Web page caption snippets:

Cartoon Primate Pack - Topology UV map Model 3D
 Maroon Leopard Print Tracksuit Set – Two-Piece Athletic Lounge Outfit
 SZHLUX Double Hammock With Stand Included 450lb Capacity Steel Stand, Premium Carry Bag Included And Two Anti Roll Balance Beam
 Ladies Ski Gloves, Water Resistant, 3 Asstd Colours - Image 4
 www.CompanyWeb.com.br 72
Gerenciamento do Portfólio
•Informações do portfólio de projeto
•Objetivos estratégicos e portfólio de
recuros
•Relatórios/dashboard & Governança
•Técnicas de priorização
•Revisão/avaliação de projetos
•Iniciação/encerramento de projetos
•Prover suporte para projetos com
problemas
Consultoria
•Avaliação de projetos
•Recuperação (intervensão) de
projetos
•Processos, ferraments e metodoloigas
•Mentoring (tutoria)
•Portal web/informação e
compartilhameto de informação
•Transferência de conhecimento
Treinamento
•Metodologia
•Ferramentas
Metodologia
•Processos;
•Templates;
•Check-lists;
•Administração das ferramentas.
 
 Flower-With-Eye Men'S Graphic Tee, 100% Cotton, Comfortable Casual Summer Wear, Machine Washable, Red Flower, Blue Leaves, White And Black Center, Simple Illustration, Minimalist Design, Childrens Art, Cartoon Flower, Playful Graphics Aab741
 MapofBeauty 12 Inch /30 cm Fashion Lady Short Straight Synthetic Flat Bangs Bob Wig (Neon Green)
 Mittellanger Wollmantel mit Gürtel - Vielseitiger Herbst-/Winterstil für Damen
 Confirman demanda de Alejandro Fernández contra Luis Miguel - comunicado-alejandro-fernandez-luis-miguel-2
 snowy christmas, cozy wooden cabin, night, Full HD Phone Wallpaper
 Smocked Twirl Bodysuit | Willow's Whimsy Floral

TASK BRIEF:
Copy every line of the records above that holds the word "informação".

TASK OUTPUT:
•Portal web/informação e
compartilhameto de informação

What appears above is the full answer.